**MATERIAL PROVIDED**
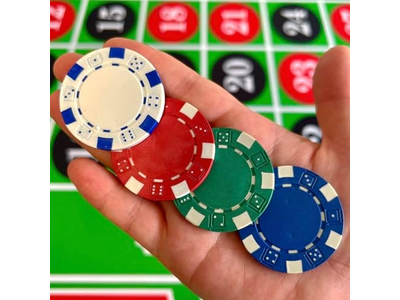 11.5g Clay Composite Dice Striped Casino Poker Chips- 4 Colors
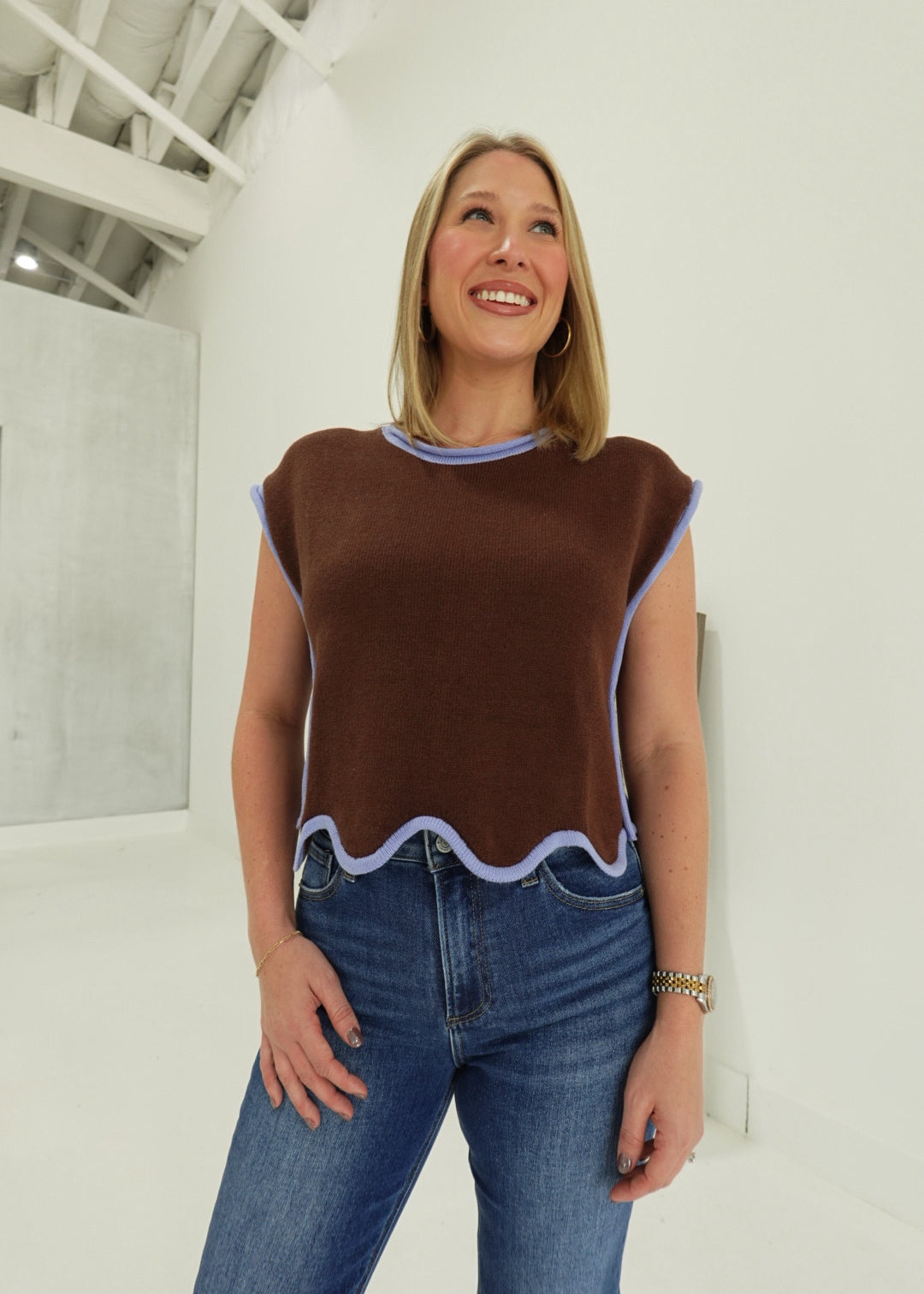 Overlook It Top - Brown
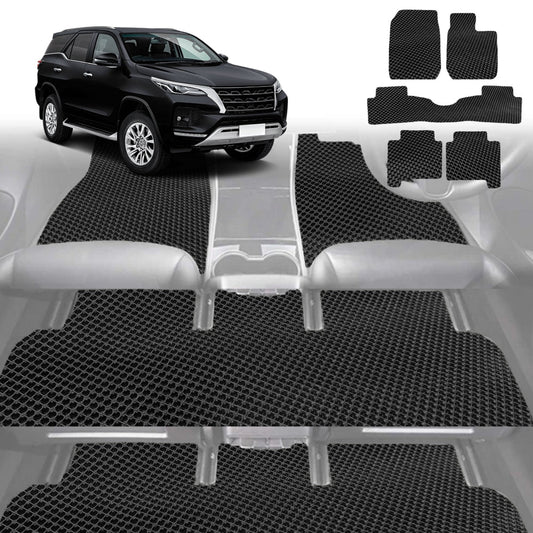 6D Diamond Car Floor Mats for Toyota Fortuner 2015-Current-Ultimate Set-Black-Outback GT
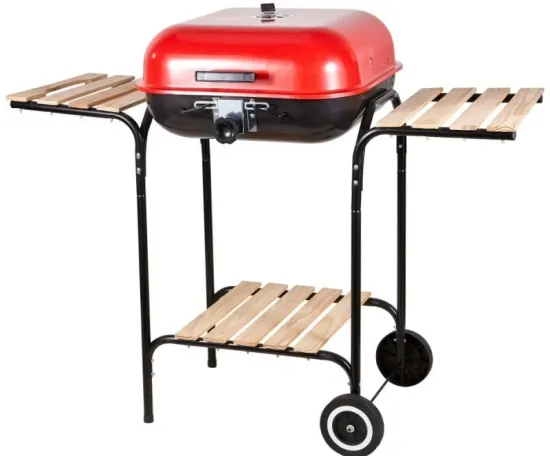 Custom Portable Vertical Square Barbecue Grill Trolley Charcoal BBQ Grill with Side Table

**TASK DETAILS**
Repeat the material above word for word, please, apart from its images.

**OUTPUT FOR THIS TASK**
 11.5g Clay Composite Dice Striped Casino Poker Chips- 4 Colors
 Overlook It Top - Brown
 6D Diamond Car Floor Mats for Toyota Fortuner 2015-Current-Ultimate Set-Black-Outback GT
 Custom Portable Vertical Square Barbecue Grill Trolley Charcoal BBQ Grill with Side Table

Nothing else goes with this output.